Das Verfassungsgericht habe laut Saskia Esken, die ebenfalls an der Diskussion teilnahm, Begriffe wie die Überwachungsgesamtrechnung in den Raum gestellt. Die stünden zunächst nicht in der Verfassung, seien aber ein Erfolg des Verfassungsgerichts. Karlsruhe bezeichnete sie als notwendiges Korrektiv. Die Auseinandersetzungen sind seit Jahren immer wieder dieselben, so Esken, nämlich die Balance von Freiheit und Sicherheit.

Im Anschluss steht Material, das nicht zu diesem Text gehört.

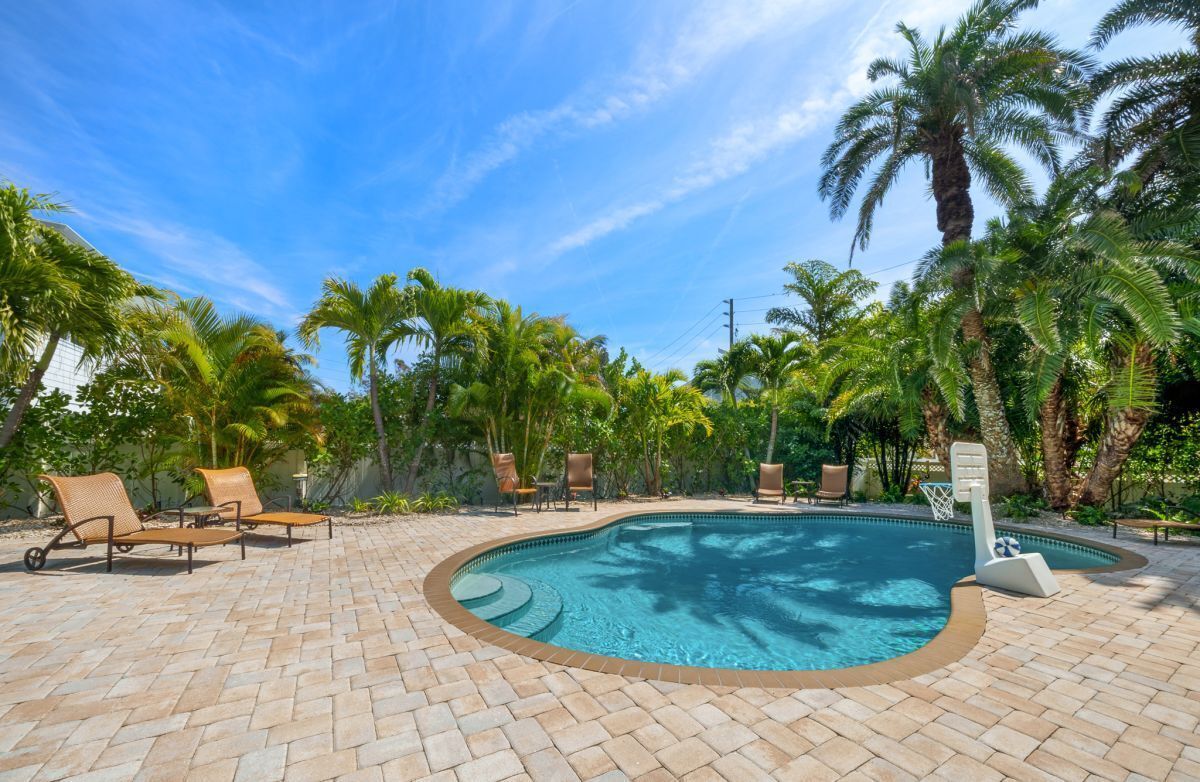 A swimming pool with lounge chairs and palm trees.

Von "Orchideenthemen" zu Grundsatzfragen
Wie Verfahren laufen, erklärte GFF-Jurist Bijan Moini. "Wir entscheiden ja selbst nichts, wir können auch den Rahmen nicht ändern. Wir bereiten Verfahren so auf, dass ein Gericht möglicherweise zu einem Urteil kommt, das die Grundrechte stärkt und natürlich diesen Rahmen auch ausgestaltet und informiert bleibt." Die GFF ermögliche eigentlich nur, dass zur Geltung kommen kann, was im Grundgesetz steht, und führe Verfahren für Menschen, die nicht die Mittel oder gar nicht das Wissen haben, selbst zu klagen. Er erinnerte auch daran, wie sich die Arbeit verändert habe: "Früher haben wir uns mit Orchideenthemen wie dem elektronischen Anwaltspostfach beschäftigt – im Nachhinein fast ein Luxus". Heute gehe es um fundamentale Fragen zu Themen wie Menschenwürde, den Rechten von Geflüchteten und Massenüberwachung. Eine Sorge von Moini ist beispielsweise, dass die Politik Rechtsbrüche oder Grundrechtsverletzungen in Kauf nehme.

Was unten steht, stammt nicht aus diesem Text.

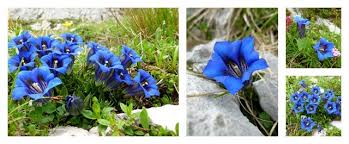 È il naturalista svizzero conrad gessner che ci parla nei suoi scritti di questo fiore probabilmente conosciuto durante la sua ascensione al monte pilatus (nel 1555) nei pressi di lucerna. Fiori Di Montagna Ortaggi Che Passione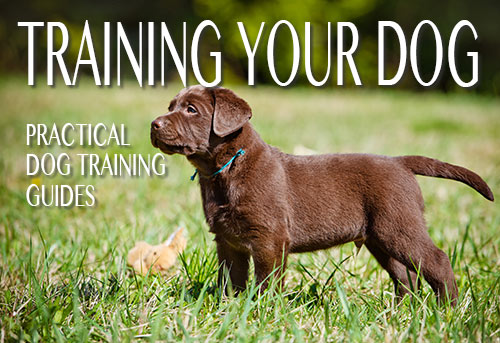 Image result for Dog Training Tip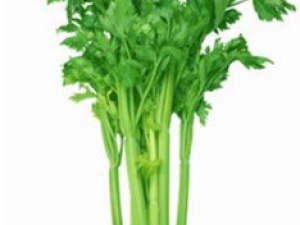 ���۵Ĺ�Ч������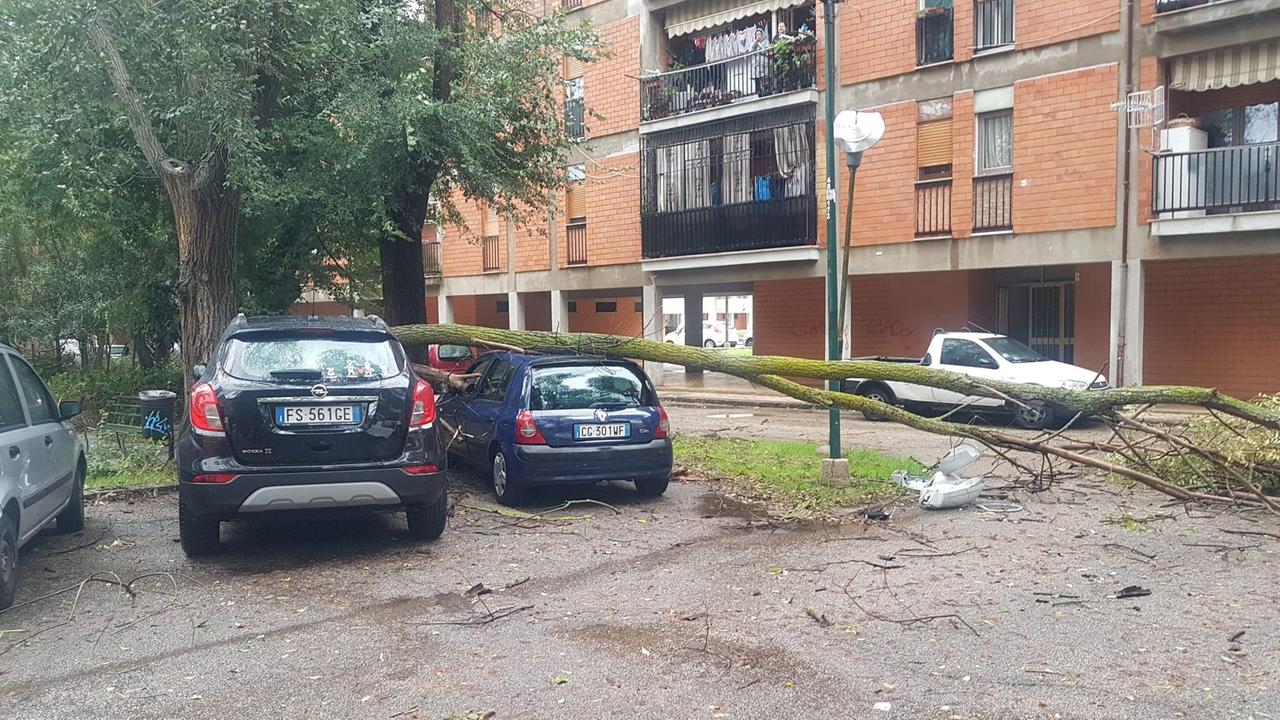 L'albero crollato in piazza Puccini a Sassari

"Meine Sorge ist gar nicht so sehr, dass Politik übergriffig gegenüber dem Recht wird, sondern meine Sorge ist, dass Politik [...] zu schnell auf Populismuszüge aufspringt. Das finde ich unerträglich [...], dass Politik sich nicht wirklich an die Sache macht", kritisierte Britz. Sie wolle Menschen in der Politik sehen, "die für eine Sache stehen und für eine Sache streiten und sich nicht in irgendwelchen strategischen Zankereien verlieren". Sie wünsche sich mehr Ernsthaftigkeit, Vertrauen in sachliche Argumente – und weniger Populismus.